His eye widened slightly. Heero stopped pulling the sheet over the bed to look at us. I smiled, satisfied that I'd done my job to make him feel better, and closed my eyes. I thought that my head might have fallen against his shoulder after all, but it helped to stabilize the world, so I didn't mind that much.
"Duo? What do you mean?" Trowa said, shaking me a little. "Duo?"
"Stop. I think I'm going to be sick," I moaned. The jostling was making my stomach churn all over again. Heero rushed over to us, grabbed me, and in no time I found myself bent over in front of the toilet, just in time for what little else there was in my stomach to come up. By that point, it was mostly liquid and bile and my throat burned with pain by the time I was done spitting and choking.
"Here." Heero held a glass of water to my lips so that I could rinse and spit. Then he pressed two more pills into my mouth and made me swallow them. I was so dizzy that if it had been up to me, I probably wouldn't have moved from where I was kneeling. Unfortunately, it wasn't. I was getting pretty tired of Heero scooping me up and carrying me around at will, but I didn't have the energy to protest. He put me down on the bed, which admittedly did feel nice and cool under my aching muscles, and dampened another cloth to put on my forehead. Then he and Trowa bent over me, one on each side. If I hadn't felt so miserable, it would have been pretty intimidating.

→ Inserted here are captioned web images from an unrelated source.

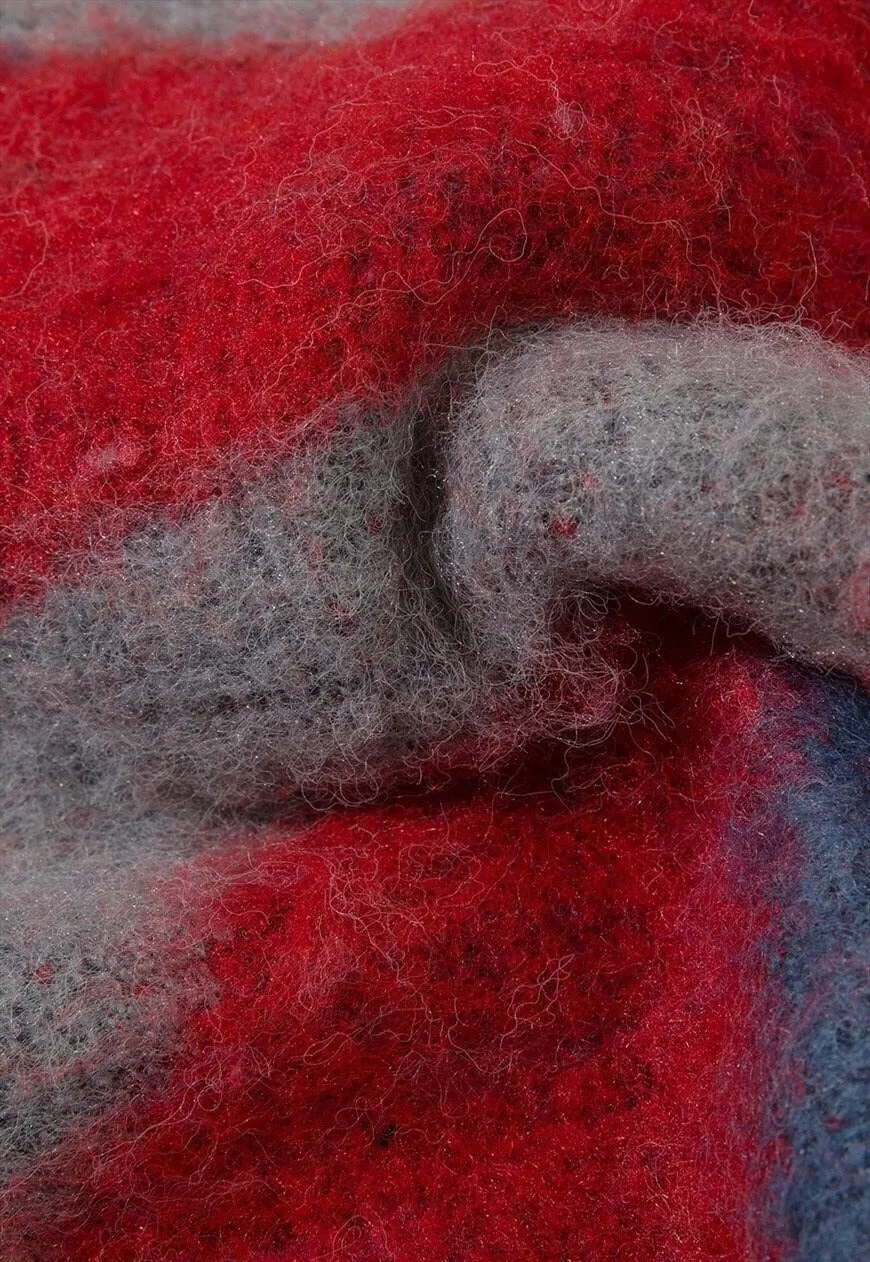 Abstract fuzzy sweater knitted fluffy 80s inspired jumper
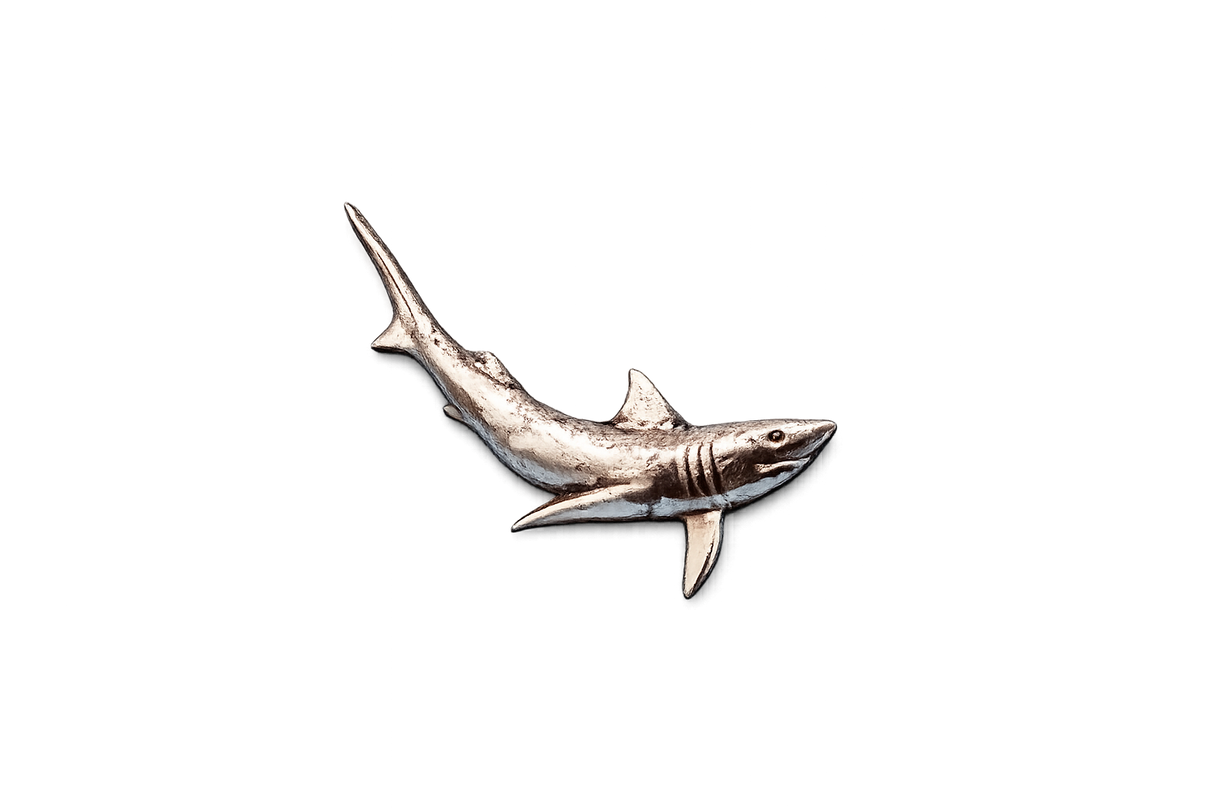Handcrafted pewter blue shark pin badge featuring a detailed marine life design with butterfly clutch fastening on a white background.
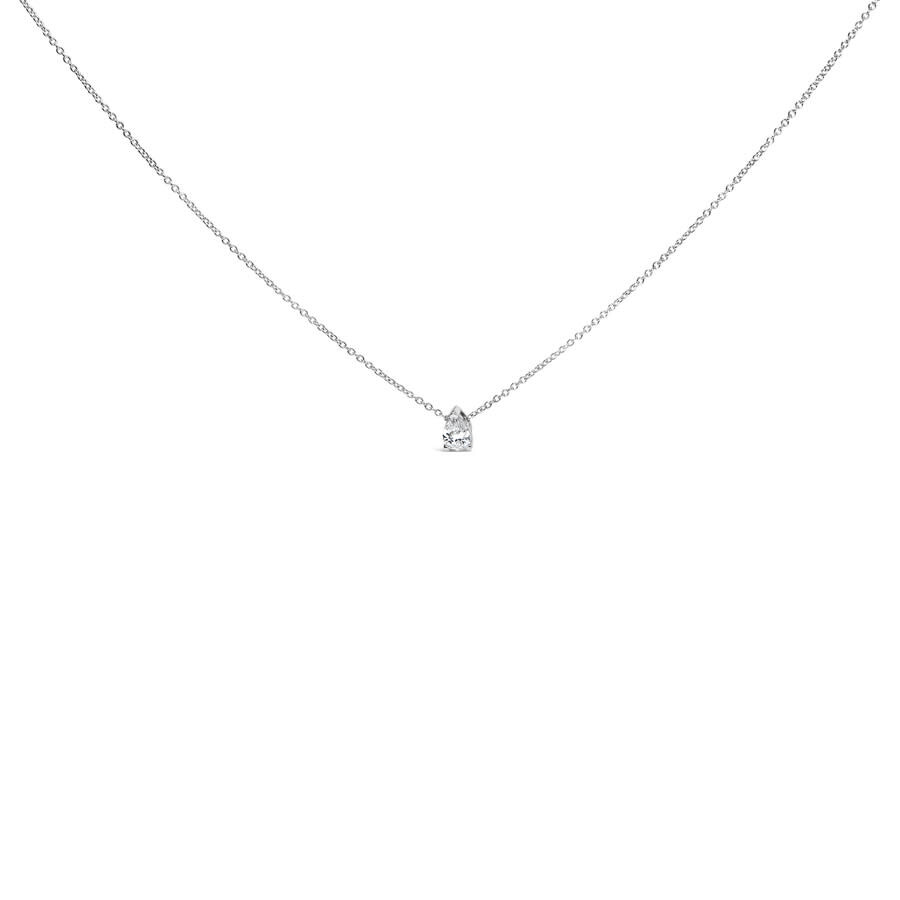 Haus Of Brilliance 14k White Gold 1/2 Cttw Pear Shape Lab-grown Diamond 3-prong Solitaire 18 Inch (f In White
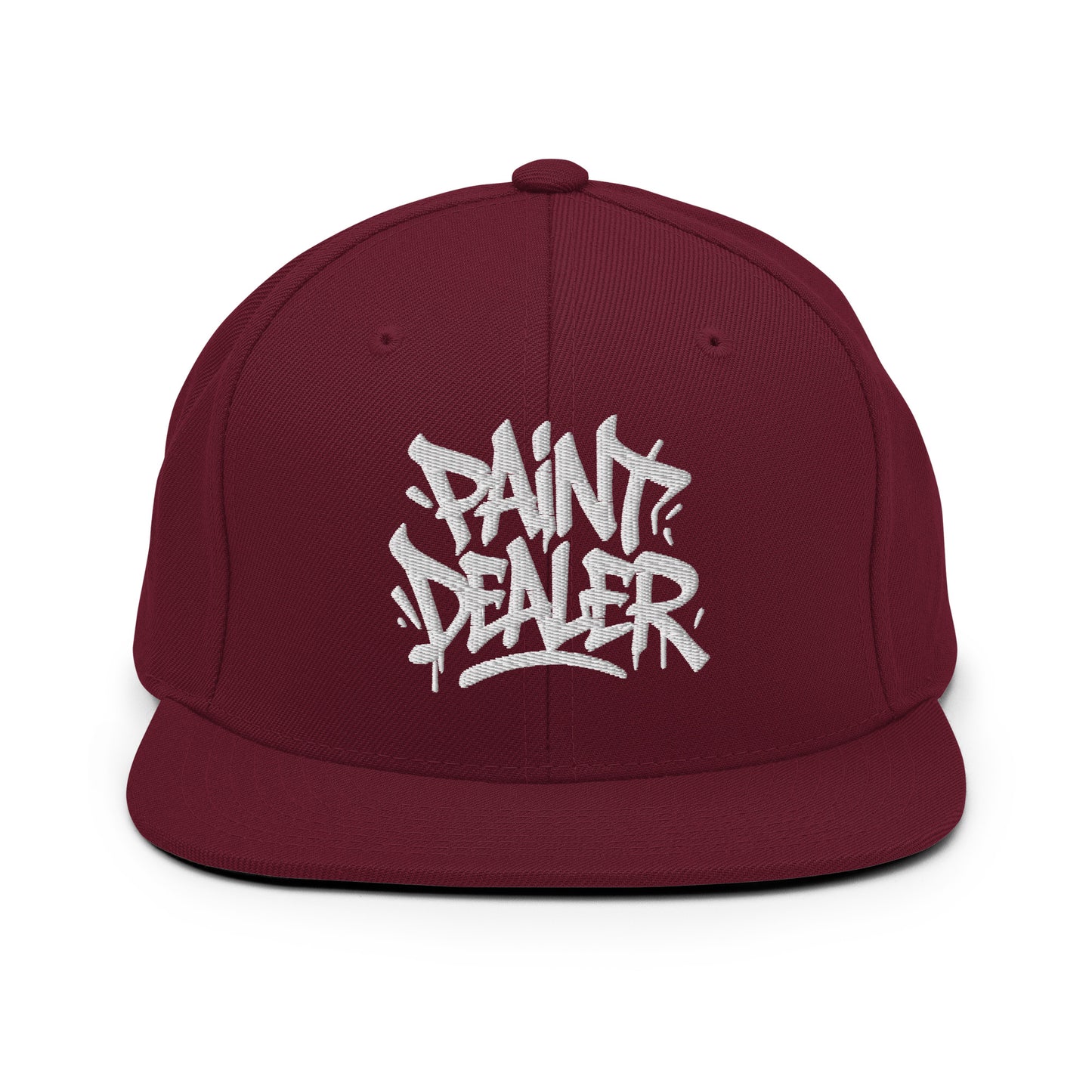 Maroon-Paint Dealer Graffiti Tag Snapback Hat from B.Different Clothing, front view, graffiti-inspired streetwear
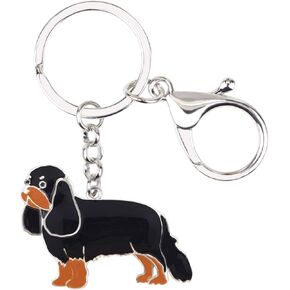 WEVENI Enamel Alloy Cavalier King Charles Spaniel Dog Keychain Accessories For Women Girls Car Purse Charms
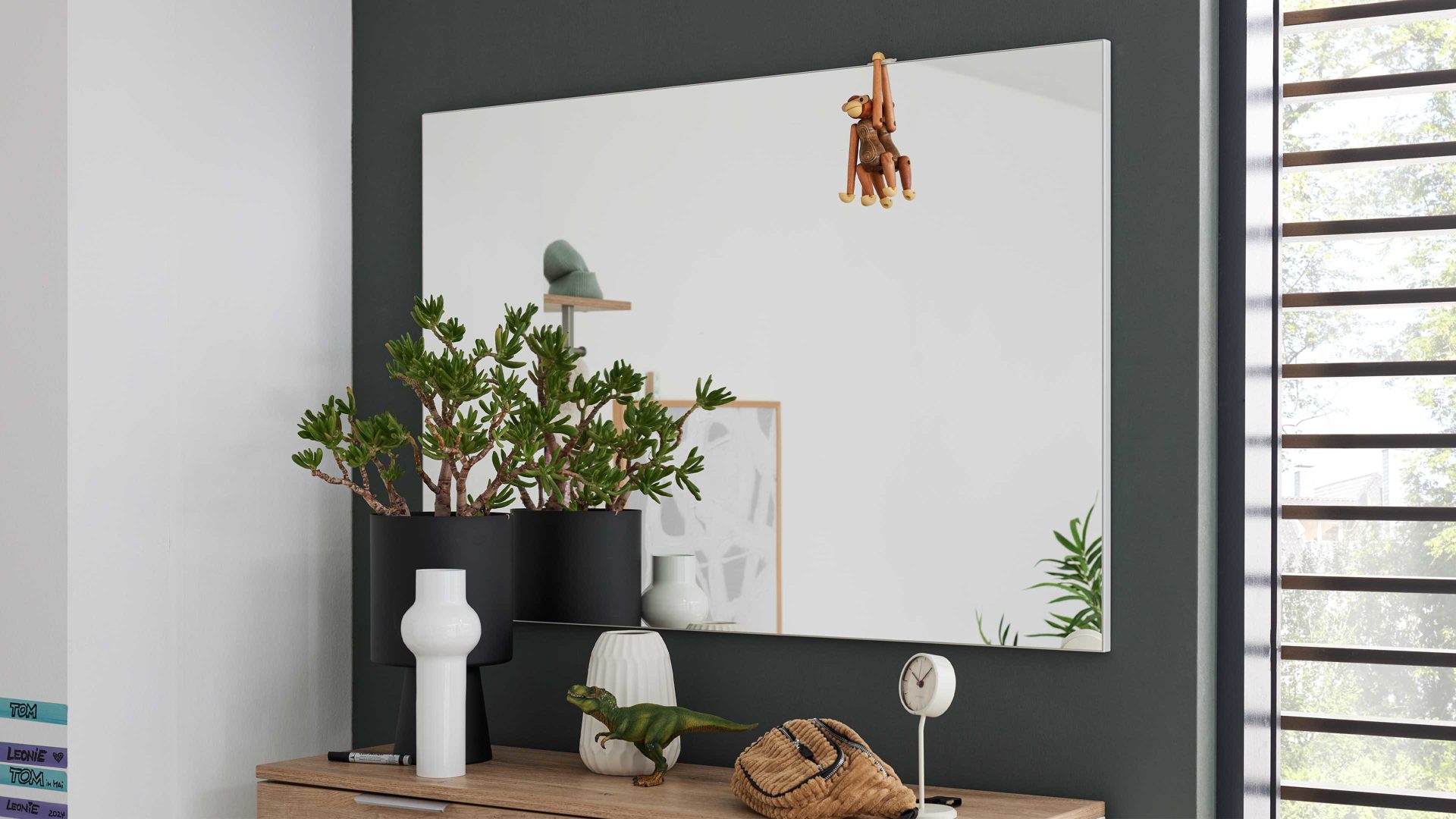 Wandspiegel Interliving aus Spiegel in Transparent Interliving Garderobe Serie 6012 - Spiegel INL-702 weißer Mattlack - ca. 120 x 82 cm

"Duo, what do you mean by saying that Gods never get lost?" Heero asked me. His blue eyes were burning a hole in my soul. I couldn't have turned away if I wanted to. "And by saying that Winner couldn't die because Gods can't?"
"You already know," I muttered thickly. Whatever Heero had given me was making me sleepy. Normally I didn't respond well to drugs, but knowing Heero, he'd found one of the few that would agree with me and make me do whatever he wanted. Like he needed a drug for that. "You just can't 'member."
I'm pretty sure that he said something else, but I crashed before my mind could register anything else. Unfortunately, it seemed that my nightmares followed me into sleep even when I was ill. On the whole, I don't remember a lot about the next few days. I have vague impressions of being held, of people speaking to me, of alternating between being freezing cold and so hot I wanted to melt to make it stop, in between nightmares about L2. Quatre later told me that I threw everything up, including medicine, and that for a while he and the others were truly worried about me. I could believe that Quat was concerned, but the others? Yeah, right. Though Heero had been acting suspiciously kind to me, I was certain that it was because he wanted Deathscythe's pilot up and running as soon as possible, not because of me.
But it didn't matter, because I didn't remember any of it. Maybe if I had, I would've made more of an effort to stop Shinigami from kicking in. I wasn't like the others. The God of Death could never truly be repressed, especially not during the middle of a war. It lingered below the surface. When he felt me slipping, the fever began to burn from my body - literally. I woke up exactly twenty-fours later, feeling shaken and weak but refreshed, and got the shock of my life when Heero Yuy, the Perfect Soldier himself, grabbed me and hugged me.